Based on our findings, we will summarize insights that we've learned:

* The most transactions occurred between 10 am and 15 pm. The peak transactions occurred on Wednesday at 12 pm.
* The highest monthly number of transactions occurred in November due to the Holiday Season.
* The highest monthly active users were in November 2010 and November 2011.
* As we can see, the customers from January and February 2010 have a better retention rate overall, and the longer the customers have been with the online retail.

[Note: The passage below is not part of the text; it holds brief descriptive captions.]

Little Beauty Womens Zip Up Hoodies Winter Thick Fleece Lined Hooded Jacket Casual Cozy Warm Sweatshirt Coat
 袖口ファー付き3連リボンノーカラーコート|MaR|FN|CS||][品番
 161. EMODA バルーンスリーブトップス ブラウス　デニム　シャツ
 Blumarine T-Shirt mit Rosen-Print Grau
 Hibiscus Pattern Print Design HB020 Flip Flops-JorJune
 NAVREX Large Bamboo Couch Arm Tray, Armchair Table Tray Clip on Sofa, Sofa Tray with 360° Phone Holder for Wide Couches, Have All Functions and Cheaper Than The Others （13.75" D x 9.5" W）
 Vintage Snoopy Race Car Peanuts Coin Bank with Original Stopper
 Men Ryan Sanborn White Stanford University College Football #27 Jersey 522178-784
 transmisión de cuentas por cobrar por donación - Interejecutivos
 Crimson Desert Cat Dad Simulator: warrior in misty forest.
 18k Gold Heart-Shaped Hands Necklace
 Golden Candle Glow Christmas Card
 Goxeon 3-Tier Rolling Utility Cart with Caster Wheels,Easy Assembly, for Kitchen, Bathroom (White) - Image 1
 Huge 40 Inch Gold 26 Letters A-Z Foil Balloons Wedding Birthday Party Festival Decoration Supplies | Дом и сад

* 47.2% of cohorts that purchased in January 2010 were still active 3 months later. This suggests that the online retail is successful in retaining 47.2% of its customers.
* Customers who remained active for 3 months were retained. To build customer retention strategies, we can create a remarketing campaign such as free delivery, coupons, loyalty rewards, and so on. So, after 3 months, we can keep customers coming back for repeat purchases.